Your goal:
Reproduce, unaltered, the line with "CCD Belt Color" along with every line that follows it in the records, up to the last.
Segment Start: The data
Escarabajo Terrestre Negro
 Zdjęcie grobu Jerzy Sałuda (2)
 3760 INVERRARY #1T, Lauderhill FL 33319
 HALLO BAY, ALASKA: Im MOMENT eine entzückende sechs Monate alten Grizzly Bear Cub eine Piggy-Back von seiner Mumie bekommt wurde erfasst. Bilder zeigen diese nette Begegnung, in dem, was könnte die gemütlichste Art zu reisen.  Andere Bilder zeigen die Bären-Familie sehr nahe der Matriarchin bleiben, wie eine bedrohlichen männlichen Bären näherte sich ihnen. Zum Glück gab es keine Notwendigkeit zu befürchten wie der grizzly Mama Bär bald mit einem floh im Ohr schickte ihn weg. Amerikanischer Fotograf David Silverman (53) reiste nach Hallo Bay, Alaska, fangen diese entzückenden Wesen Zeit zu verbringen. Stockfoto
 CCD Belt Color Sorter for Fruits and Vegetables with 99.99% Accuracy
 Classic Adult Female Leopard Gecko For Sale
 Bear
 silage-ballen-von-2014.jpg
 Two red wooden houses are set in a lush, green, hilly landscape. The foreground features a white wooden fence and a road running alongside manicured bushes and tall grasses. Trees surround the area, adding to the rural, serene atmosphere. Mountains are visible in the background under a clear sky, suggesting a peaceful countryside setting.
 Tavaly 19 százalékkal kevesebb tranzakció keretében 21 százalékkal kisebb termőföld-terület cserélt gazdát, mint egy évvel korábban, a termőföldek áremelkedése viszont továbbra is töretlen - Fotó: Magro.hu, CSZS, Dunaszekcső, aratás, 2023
Segment End: The data
Solved problem:
 CCD Belt Color Sorter for Fruits and Vegetables with 99.99% Accuracy
 Classic Adult Female Leopard Gecko For Sale
 Bear
 silage-ballen-von-2014.jpg
 Two red wooden houses are set in a lush, green, hilly landscape. The foreground features a white wooden fence and a road running alongside manicured bushes and tall grasses. Trees surround the area, adding to the rural, serene atmosphere. Mountains are visible in the background under a clear sky, suggesting a peaceful countryside setting.
 Tavaly 19 százalékkal kevesebb tranzakció keretében 21 százalékkal kisebb termőföld-terület cserélt gazdát, mint egy évvel korábban, a termőföldek áremelkedése viszont továbbra is töretlen - Fotó: Magro.hu, CSZS, Dunaszekcső, aratás, 2023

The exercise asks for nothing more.